The ancient city of Ambowa now known as Ambika Kalna located on the west bank of the Bhagirathi river in Purba Bardhaman district has some of the most unique and beautiful temples built in the various styles of architecture typical to Bengal. Chala, rekha, ratna, mancha and plain roofed temples are scattered across Kalna built by the various dynasties who ruled over Burdwan.
It was during the reign of Maharaja Kirti Chand Rai of the Bardhaman Raj that Ambowa came to be called Ambikanagar derived from the name of the presiding deity Ambika who had been worshipped for centuries by the people of the city. The most iconic temples seen today in Ambika Kalna were built by the Bardhaman Raj in the 18th – 19th century. According to the locals, stone was very difficult to procure and so the artisans used the clay from the river bank to make bricks. They then made terracotta panels and tiles to adorn these baked bricks and embellished them with human figures, animals, floral motifs, geometric patterns, hunting scenes, scenes from social life and stories from the Ramayana, Mahabharat, Puranas and Hindu scriptures.
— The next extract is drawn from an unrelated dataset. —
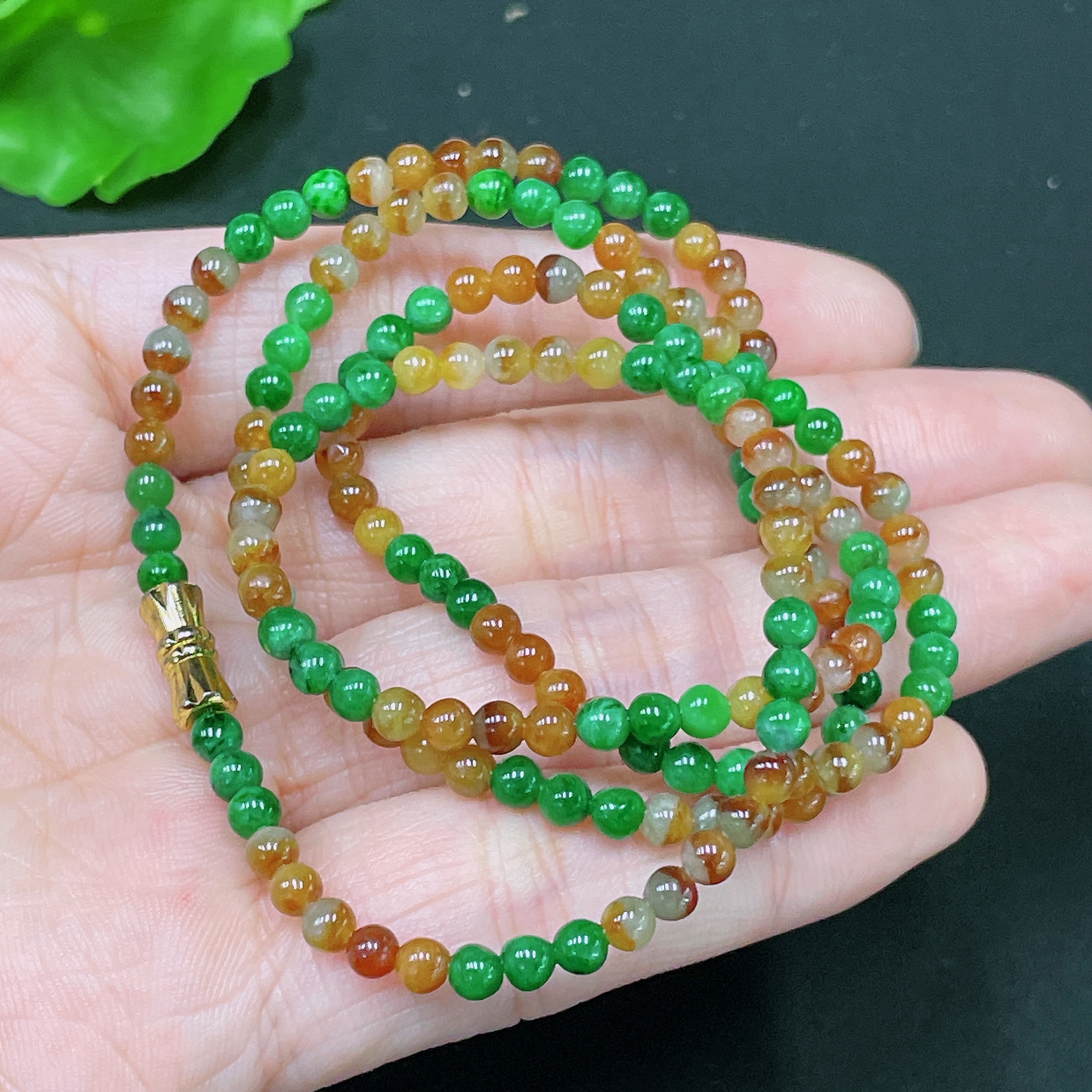 F33865689 Jadeite Bead Necklace Approx. 3.6mm Total Weight Approx. 14.13g Non-Gold Color Origin Undetermined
Lalji Mandir, one of the oldest temples built by Maharaja Kirti Chand Rai for his mother Braja Kishori Devi is housed in the Rajbari complex opposite Nava Kailash. This architectural marvel was built in 1739 CE in the rare Panchabingshati (Twenty-five pinnacles or peaks) style. There are only five such temples left in West Bengal of which three are seen in Kalna (Lalji Temple, Krishna Chandraji Temple and Gopalji Temple) and the other two are Sridhar Temple in Sonamukhi in Bankura district and Ananda Bhairavi Temple in Sukharia village in Hooghly district.
Legend has it that Braja Kishori Devi who was very pious and devout lady had a lovely idol of Radha Devi that she used to worship. One time, on the auspicious occasion of Poush Sankranti, she went to bathe in the holy Bhagirathi river. There were many saintly persons and sadhus who had come to take a dip in the river. She heard the mellifluous voice of a small boy while walking back after finishing her ablutions. She looked around to find only the sadhus seated nearby.
Wondering from where this sweet voice manifested, Rajmata entered the tent to find a lone sadhu sitting inside. She asked him where the little boy was whose voice she had heard. The sadhu said that he did not know what Rajmata was saying and that he only had an idol of Lord Krishna with him. Surmising quickly that the Lord had spoken to her, Rajmata asked for the idol of Lord Krishna. The sadhu was horrified on hearing this request and refused to part with his beloved Lord.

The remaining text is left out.